**Importing Libraries**

In [35]:
import numpy as np # for numpy arrays
import pandas as pd # to load dataset and data analysis
import re # regular expression library for fetching and patterns and expressions in data
from nltk.corpus import stopwords  # for comparing and removing less important,common words
from nltk.stem.porter import PorterStemmer
from sklearn.model_selection import train_test_split
from tensorflow.keras.models import Sequential # to create sequential models in which layers can be linearly stacked
from tensorflow.keras.layers import Dense,Embedding,LSTM
from tensorflow.keras.preprocessing.text import Tokenizer
from tensorflow.keras.preprocessing.sequence import pad_sequences
import os  # for accessing operating system environment variables to create folders,setting paths
import json # read and write json format file
from zipfile import ZipFile # to unzip compressed downloaded dataset

**Data Collection through Kaggle API**

In [36]:
!pip install kaggle # installing kaggle to access datasets
kaggle_dictionary= json.load(open('/content/kaggle.json')) #loading kaggle. json format file in kaggle dictionary variable



**Setting up Kaggle credentials**

In [37]:
kaggle_dictionary.keys() # dictionary has key value pairs
os.environ['KAGGLE_USERNAME']= kaggle_dictionary['username'] # accessing environment variables and saving in dictionary
os.environ['KAGGLE_KEY']= kaggle_dictionary['key']

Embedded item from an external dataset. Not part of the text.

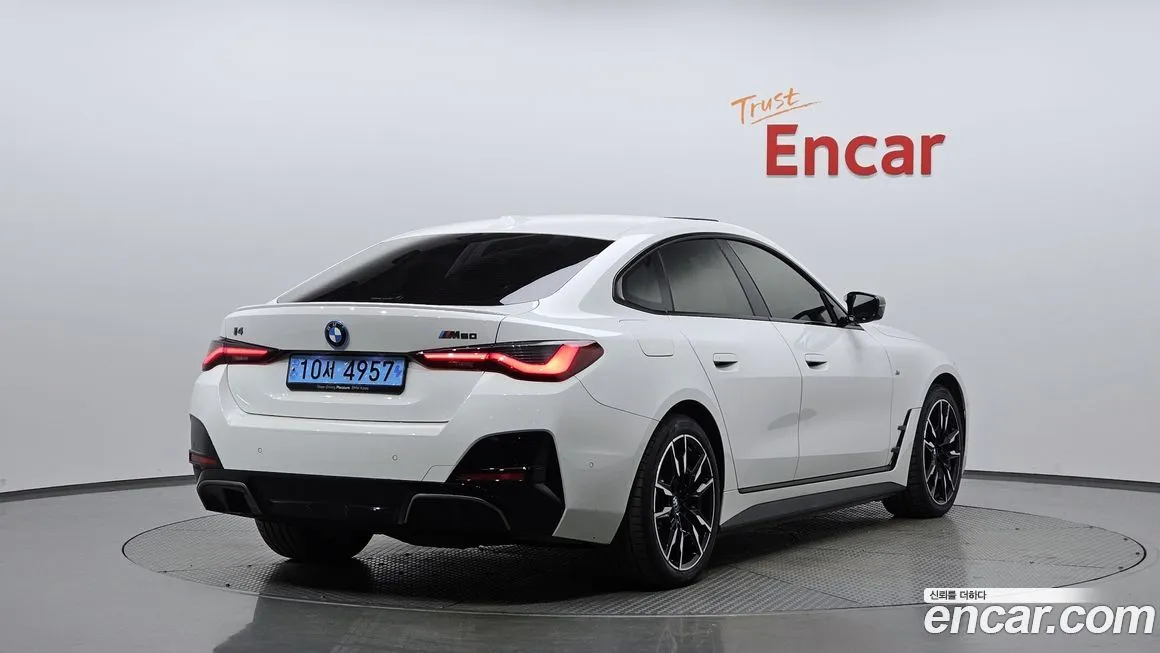BMW i4 — фото 2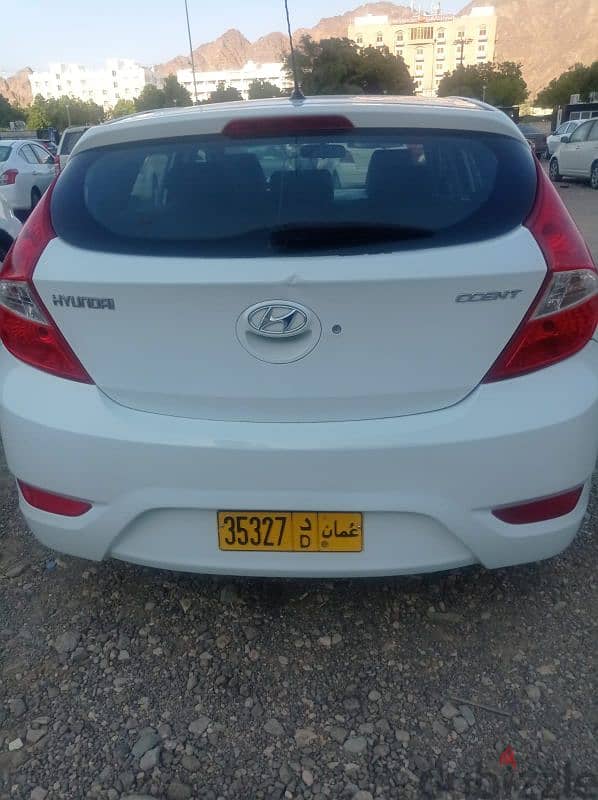 Hyundai Accent 2013 8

**Downloading kaggle dataset using API Command**

In [38]:
#!/bin/bash
!kaggle datasets download jruvika/fake-news-detection # downloading dataset in compressed zip form

Dataset URL: https://www.kaggle.com/datasets/jruvika/fake-news-detection
License(s): ODbL-1.0
fake-news-detection.zip: Skipping, found more recently modified local copy (use --force to force download)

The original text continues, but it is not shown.